The grab for cash in major college football has resulted in the makeover of several big-time athletic conferences. Football powers are jockeying to be in the best position to compete for the national championship and make millions of extra dollars for their schools.
But the breakup of the high school athletic conference that blanketed Eastern Washington -- the Columbia Basin Big 9 -- was driven by a desire to save money.
It was decided last week, after negotiations went nowhere, for the Walla Walla High School and the seven Tri-Cities' high schools -- Pasco, Chiawana, Kennewick Kamiakan, Southridge, Richland and Hanford -- would break away from the 4A/3A Big 9 to form their own league.
This will leave the Big 9, which had 15 members, with six member schools -- Davis and Eisenhower from Yakima, Eastmont (East Wenatchee), Wenatchee, Sunnyside and Moses Lake. (The Sunnyside School Board on Thursday voted 3-2 to remain with the Big 9. West Valley, which is just outside of Yakima, has opted to drop down to 2A and join another conference.)
It is unfortunate that an acceptable deal couldn't be worked out that would serve the best interests of all 15 schools.
But, in the end, overcoming the geography was too much.

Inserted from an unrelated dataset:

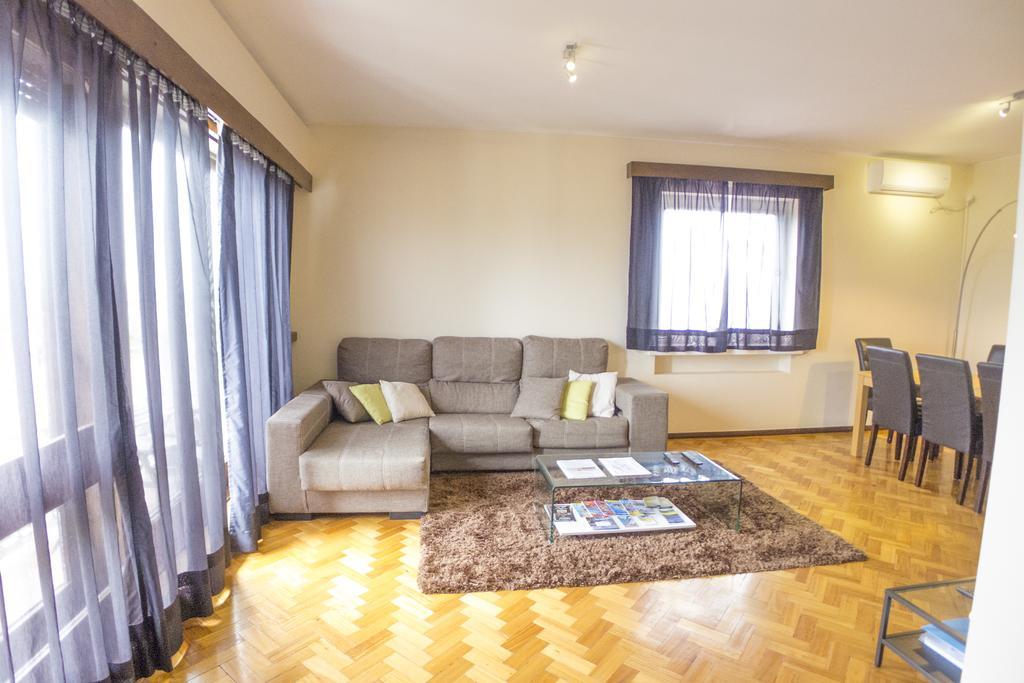 Lv Premier Apartments Clerigos- Re1 포르투 외부 사진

Wa-Hi and the seven public high schools in the Tri-Cities saw finding a way to significantly reduce travel as the top priority. The long trips from Walla Walla to Wenatchee several times during each season was chewing up the athletic budgets. The 130 miles to Yakima also took a toll.
Not all that long ago high school sports were somewhat insulated from budget cuts. No more.
State government has been pinched for the last few years as tax collections have not kept pace with expenses. As a result, the funding from the state for local school districts has remained stagnant. The budget belt has been tightened for everything, including sports.
It just makes sense to reduce travel. Scheduling more games between the schools in Pasco, Kennewick and Richland is a no-brainer.
It is understandable the schools in Yakima, Sunnyside, Moses Lake and Wenatchee would resist such a plan. They didn't see the benefit of going to two divisions.
In the end, this move will benefit Wa-Hi.
The rivalries between Wa-Hi and some the schools -- Richland, for example -- are already strong. Those rivalries will grow stronger and new rivalries will emerge as Wa-Hi faces the Tri-Cities' schools more often.
The costs of running Wa-Hi athletic programs will be reduced. Students (as well as their parents) won't have to endure as many long road trips. Student athletes will miss less class time.
Walla Walla and the Tri-Cities going off on their own was the wise choice to make.